Me

Me
Nice to meet you...

Saturday, June 25, 2011

2 months and 1 day

I just realized that I'm about to be a year older and I have a long way to go on my list...
Some things take time.... Some things take money... and at this point, I don't have much of either.

My list really is not that challenging, but I've not focused on it, and though I think about it often, I'm not checking it as much as I should, nor am I updating it.

It's funny, that when I turned 30, I tried to do the same thing. I could not come up with 30 things to do. Matter of fact I think my list got up to maybe 26, and I still didn't finish. Then to have someone share with me their list for 50, and to see them actually work it!! I need to be dedicated. But then again, there is not much I have been focused on. I know much of what I need to do, I just haven't sat myself down to do it. I let distractions of the slightest pull me away and turn me away.

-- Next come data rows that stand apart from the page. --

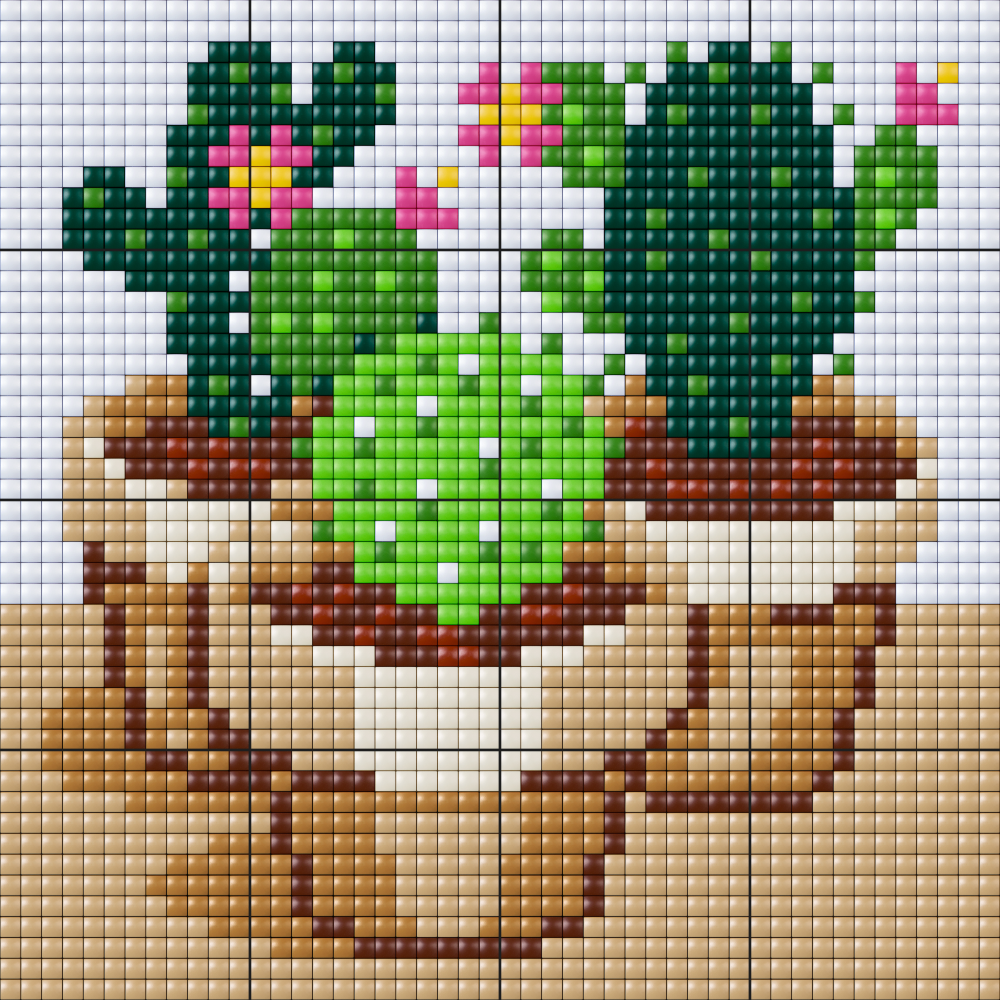 Pixelhobby XL Set of 16 - cacti 
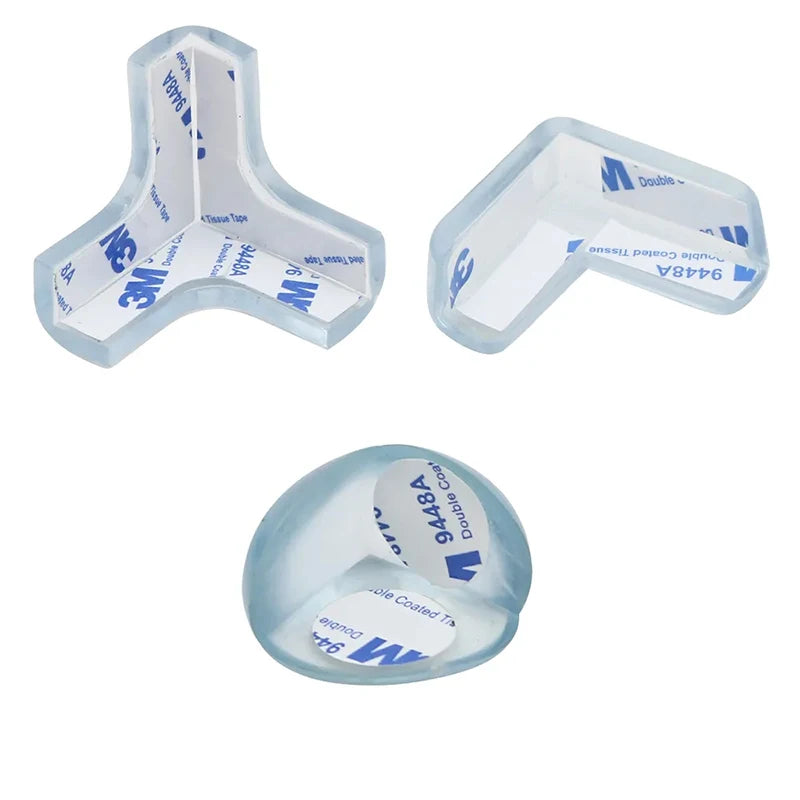 4Pcs/8Pcs/12Pcs Child Baby Safety Silicone Protector Table Corner Edge Protection Cover Children Anticollision Edge &amp; Guards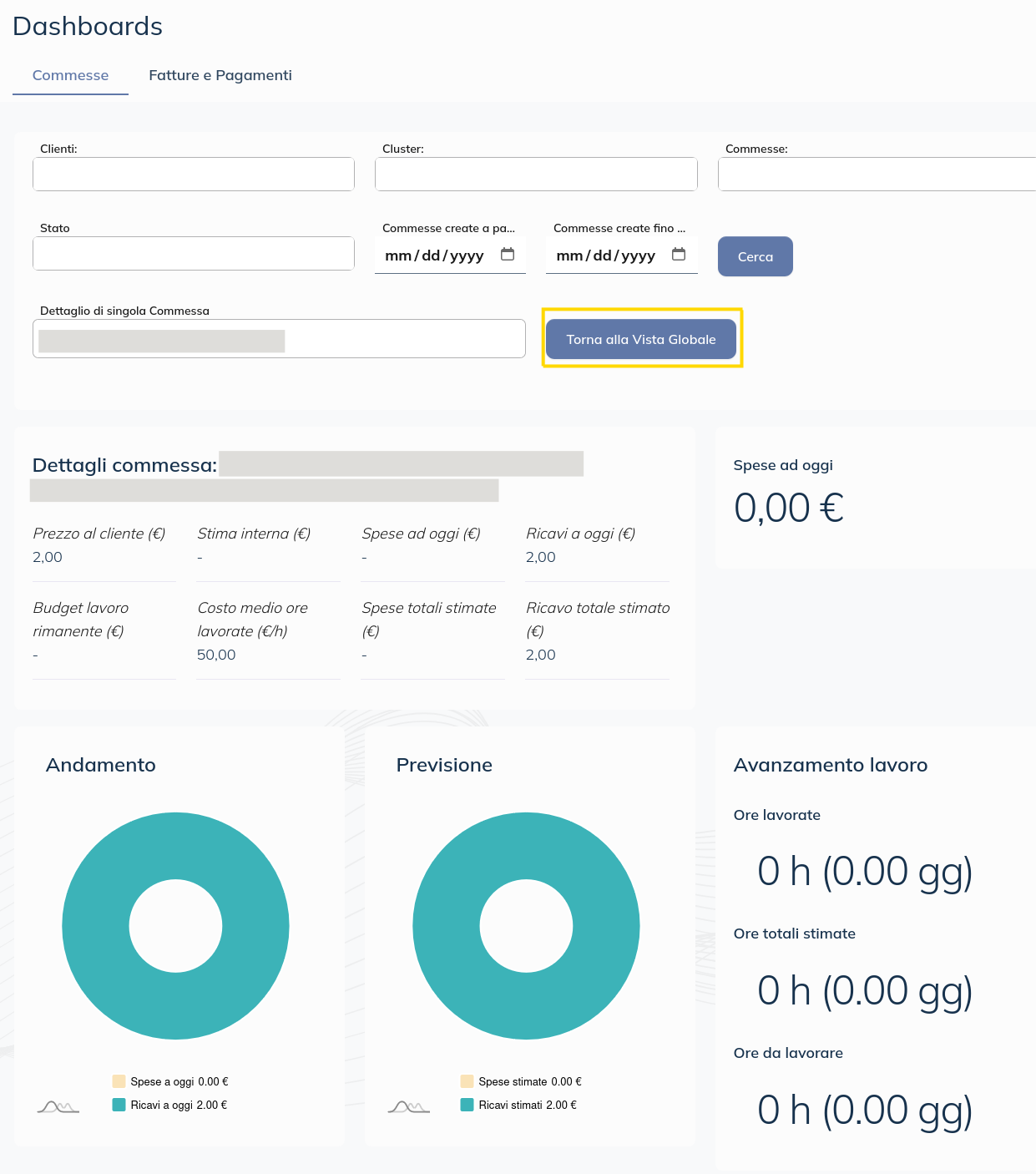 Dashboard commesse 3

So I need help. I need motivation. I need you to keep me on point. I want to complete my list as much as possible, on time. Do you think I can do it? Do you think you can help me? Rules are about to be bent, so something is about to happen, either way. :-)

who to blame

I know that in my life I've made some bad choices...
But what in my life could have been so bad that I can't meet the 1 person that I like,
and just want.. but does get married.

I'm trying to not do it..
I'm trying to not blame God for the lack of "romance"/"Love" in my life. I'm soooo confused,
and so over trying to figure out what in the HELL it is I need to meet that 1 person, or to meet someone "available" for me to be able to learn what it is and how it is...
I'm just soooo tired. My HEART ACHES.. IT HURTS SOOOO MUCH!!! I don't know what to do. Starting to feel like I never have or ever will.

I'm ready to give up. And if there was ever away to walk away and not feel the pangs, of hurt and disappointment for the things that really matter to you? I think I'd be out the door.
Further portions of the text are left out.